You Cannot Mess This Up: A True Story that Never Happened by Amy Weinland Daughters
I initially bought this because a friend and former coworker mentioned it on Facebook. The author is from the same area I am, and graduated from the same high school I did (which is also where I teach). This takes place roughly six years before I moved to the same area, but the things she mentions, I can see them in my mind's eye. We even had the same fourth-grade teacher. So that aspect of the book would have put it near the top of my list of great books this year on its own, but then there is the story itself.
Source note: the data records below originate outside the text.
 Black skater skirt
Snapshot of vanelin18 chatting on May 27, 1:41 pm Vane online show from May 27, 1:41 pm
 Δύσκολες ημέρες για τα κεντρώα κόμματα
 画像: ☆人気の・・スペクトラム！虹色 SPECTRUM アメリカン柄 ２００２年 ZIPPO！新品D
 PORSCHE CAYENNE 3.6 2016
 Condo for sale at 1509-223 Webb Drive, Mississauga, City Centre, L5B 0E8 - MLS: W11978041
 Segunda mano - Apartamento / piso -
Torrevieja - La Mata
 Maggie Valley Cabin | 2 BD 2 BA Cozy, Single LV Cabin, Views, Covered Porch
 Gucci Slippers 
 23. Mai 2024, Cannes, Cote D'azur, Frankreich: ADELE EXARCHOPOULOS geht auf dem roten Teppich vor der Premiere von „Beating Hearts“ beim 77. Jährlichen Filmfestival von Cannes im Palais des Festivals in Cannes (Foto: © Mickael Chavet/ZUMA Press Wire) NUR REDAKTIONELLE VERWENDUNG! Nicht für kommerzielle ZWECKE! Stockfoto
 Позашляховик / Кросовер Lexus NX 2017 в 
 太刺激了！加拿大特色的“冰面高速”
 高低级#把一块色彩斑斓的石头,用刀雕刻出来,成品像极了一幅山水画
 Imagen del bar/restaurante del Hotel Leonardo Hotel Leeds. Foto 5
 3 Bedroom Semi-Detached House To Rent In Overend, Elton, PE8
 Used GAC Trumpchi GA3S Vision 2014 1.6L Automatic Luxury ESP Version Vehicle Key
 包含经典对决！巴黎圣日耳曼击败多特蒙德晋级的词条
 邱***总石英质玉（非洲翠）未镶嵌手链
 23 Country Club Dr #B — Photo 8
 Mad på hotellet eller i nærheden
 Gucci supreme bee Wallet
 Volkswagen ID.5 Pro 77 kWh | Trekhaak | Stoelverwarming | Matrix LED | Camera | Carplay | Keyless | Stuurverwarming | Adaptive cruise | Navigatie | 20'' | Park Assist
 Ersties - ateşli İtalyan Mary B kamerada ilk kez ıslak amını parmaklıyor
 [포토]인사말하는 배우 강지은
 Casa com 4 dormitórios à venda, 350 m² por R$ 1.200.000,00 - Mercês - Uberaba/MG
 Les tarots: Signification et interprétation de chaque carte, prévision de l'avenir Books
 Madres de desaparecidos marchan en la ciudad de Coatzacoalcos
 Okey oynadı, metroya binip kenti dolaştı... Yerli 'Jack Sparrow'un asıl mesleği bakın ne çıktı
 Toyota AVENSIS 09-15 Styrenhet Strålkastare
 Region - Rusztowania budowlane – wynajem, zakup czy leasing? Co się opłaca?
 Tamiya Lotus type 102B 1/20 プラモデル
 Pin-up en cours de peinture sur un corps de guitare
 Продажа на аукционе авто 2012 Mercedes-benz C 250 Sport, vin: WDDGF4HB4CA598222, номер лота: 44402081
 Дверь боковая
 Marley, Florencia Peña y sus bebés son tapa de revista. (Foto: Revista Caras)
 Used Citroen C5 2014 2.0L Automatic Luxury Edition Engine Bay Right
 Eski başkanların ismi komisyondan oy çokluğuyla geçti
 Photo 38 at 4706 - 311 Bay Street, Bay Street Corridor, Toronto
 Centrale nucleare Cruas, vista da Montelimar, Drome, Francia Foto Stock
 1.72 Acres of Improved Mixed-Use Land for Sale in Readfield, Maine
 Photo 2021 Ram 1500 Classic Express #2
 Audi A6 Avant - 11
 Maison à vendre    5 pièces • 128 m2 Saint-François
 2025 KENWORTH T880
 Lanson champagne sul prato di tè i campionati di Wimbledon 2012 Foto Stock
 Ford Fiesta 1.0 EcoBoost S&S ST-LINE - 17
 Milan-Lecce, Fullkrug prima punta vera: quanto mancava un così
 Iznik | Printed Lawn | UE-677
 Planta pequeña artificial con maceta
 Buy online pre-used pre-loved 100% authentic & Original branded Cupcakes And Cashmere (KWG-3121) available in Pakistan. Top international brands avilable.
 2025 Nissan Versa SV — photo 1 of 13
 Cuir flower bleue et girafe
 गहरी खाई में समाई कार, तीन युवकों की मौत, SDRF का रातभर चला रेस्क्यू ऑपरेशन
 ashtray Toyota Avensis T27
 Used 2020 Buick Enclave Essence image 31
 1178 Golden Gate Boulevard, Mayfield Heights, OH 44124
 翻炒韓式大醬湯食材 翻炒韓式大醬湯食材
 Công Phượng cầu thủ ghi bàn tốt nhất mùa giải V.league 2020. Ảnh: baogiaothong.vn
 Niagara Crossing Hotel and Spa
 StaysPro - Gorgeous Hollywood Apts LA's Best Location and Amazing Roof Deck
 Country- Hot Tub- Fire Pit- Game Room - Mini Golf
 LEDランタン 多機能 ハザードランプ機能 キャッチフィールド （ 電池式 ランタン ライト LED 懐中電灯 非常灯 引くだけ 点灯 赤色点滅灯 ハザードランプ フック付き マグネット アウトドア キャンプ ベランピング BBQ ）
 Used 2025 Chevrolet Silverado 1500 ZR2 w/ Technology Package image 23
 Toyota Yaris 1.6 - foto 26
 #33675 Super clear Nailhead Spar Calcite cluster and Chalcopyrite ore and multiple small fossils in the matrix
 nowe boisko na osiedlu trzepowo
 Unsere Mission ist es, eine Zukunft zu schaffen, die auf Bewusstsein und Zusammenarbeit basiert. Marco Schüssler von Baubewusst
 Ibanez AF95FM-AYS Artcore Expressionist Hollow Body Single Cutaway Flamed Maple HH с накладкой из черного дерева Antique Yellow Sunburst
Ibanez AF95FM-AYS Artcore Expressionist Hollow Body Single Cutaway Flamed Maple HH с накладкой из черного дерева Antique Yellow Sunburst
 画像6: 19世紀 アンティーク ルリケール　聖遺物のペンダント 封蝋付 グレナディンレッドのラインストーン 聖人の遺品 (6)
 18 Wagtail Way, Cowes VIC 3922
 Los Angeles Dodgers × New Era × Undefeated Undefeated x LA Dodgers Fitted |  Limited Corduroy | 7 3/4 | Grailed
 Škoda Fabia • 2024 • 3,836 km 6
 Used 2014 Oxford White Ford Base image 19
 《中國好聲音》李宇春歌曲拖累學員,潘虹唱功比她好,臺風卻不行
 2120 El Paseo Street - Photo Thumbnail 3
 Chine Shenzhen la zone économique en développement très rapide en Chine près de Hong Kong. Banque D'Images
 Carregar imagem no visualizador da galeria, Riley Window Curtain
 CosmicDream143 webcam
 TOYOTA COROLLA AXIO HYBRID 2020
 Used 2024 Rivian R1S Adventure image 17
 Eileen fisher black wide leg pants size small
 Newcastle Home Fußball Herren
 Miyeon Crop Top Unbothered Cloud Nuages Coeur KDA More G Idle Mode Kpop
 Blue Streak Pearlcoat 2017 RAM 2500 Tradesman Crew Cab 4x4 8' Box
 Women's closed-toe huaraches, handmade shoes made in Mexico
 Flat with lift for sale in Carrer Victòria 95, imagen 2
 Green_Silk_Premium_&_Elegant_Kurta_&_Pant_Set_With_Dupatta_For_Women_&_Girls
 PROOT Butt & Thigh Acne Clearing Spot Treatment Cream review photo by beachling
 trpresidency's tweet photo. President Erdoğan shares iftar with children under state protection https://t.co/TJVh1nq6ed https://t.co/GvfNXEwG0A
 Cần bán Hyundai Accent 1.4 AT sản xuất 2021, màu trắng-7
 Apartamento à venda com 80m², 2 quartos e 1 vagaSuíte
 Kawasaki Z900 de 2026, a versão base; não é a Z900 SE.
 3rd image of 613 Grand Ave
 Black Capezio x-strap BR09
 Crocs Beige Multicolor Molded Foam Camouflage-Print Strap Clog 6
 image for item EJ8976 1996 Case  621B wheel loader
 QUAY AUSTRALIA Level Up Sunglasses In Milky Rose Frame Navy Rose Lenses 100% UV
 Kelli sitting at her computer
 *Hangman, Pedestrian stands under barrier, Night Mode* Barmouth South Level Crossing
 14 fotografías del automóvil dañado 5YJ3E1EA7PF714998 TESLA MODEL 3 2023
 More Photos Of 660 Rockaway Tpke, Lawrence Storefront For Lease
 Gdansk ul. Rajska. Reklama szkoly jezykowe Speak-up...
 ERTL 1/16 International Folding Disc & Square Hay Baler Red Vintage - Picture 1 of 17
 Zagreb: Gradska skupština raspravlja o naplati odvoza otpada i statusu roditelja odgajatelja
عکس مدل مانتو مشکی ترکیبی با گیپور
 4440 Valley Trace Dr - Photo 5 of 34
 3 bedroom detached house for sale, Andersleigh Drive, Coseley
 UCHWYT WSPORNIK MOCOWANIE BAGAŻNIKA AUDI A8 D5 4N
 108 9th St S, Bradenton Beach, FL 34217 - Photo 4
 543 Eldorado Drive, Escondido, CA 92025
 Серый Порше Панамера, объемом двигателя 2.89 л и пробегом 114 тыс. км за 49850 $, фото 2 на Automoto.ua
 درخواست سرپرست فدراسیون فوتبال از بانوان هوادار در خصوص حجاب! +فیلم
This is a weird mixture of autobiographical and fiction, which is not something you usually encounter--ever--but it somehow works. It starts in Ohio in 2014, where Amy currently lives. It is the day before Thanksgiving, and she is flying home to the suburbs of Houston, Texas, where her family lives, to meet with her siblings and parents to discuss financial matters while her parents are still alive and in sound mind to make decisions. She is taking a tiny plane, flown by her husband's boss' wife. She falls asleep on the plane, and wakes just before landing. They land at the wrong airport. Instead of an airport on the west side of town, they land at Hooks airport, mere minutes from where Amy grew up.
More importantly than landing at the wrong airport, they land on Thanksgiving Day, in 1978. Mary, the pilot of the plane, drives Amy to the house she grew up in, but tells her that is has been explained to her family (including her ten-year-old self) that she is a distant cousin from Ohio. She also tells Amy that she can't screw this up, meaning things will still turn out ok is she messes up. What ensues is both hilarious and touching as Amy re-experiences this time with her family, seeing everyone in a different light.
I can't recommend this book enough. Go out and buy it and share it with your friends.